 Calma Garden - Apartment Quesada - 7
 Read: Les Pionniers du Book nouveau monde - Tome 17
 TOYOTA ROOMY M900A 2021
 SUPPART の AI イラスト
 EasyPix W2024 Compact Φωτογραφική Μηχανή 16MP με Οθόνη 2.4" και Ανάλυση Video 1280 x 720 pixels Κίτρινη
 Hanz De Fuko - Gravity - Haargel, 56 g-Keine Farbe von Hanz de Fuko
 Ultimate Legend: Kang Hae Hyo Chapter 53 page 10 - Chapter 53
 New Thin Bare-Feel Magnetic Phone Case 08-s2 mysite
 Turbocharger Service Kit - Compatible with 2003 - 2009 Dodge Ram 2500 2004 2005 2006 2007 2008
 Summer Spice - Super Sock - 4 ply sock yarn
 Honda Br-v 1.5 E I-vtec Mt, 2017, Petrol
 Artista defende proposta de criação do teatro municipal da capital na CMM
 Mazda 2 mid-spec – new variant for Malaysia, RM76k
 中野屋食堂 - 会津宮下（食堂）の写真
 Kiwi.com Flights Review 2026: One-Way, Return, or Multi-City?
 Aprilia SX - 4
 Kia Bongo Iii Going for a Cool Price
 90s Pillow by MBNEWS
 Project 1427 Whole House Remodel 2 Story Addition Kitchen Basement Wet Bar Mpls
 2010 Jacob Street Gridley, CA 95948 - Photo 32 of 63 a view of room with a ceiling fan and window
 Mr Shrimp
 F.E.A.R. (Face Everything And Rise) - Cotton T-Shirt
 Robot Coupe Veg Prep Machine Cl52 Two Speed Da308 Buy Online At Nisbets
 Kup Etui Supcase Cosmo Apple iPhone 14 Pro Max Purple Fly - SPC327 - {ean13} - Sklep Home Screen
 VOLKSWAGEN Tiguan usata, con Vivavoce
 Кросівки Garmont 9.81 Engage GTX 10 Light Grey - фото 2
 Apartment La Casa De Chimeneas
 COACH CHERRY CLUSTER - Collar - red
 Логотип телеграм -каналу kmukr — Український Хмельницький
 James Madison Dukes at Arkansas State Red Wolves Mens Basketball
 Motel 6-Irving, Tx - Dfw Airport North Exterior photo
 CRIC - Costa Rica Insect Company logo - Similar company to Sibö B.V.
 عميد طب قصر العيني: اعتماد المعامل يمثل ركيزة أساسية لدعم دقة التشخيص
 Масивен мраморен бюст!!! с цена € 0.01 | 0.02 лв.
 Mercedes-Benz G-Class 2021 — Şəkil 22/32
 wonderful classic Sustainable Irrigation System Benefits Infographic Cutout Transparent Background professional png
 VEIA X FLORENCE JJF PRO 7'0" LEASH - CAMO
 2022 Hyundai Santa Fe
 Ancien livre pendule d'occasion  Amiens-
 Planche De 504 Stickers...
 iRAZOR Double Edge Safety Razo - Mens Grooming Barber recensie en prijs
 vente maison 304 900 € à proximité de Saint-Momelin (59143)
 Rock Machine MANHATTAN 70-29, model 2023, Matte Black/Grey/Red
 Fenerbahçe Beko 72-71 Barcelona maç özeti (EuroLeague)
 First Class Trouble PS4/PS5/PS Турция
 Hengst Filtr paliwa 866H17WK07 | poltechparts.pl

Task objective -
Print again the lines of the entries above that fall between the line holding "Kup Etui Supcase" and the line holding "Apartment La Casa De Chimeneas", inclusive, exactly as they stand.

Answer to this problem -
 Kup Etui Supcase Cosmo Apple iPhone 14 Pro Max Purple Fly - SPC327 - {ean13} - Sklep Home Screen
 VOLKSWAGEN Tiguan usata, con Vivavoce
 Кросівки Garmont 9.81 Engage GTX 10 Light Grey - фото 2
 Apartment La Casa De Chimeneas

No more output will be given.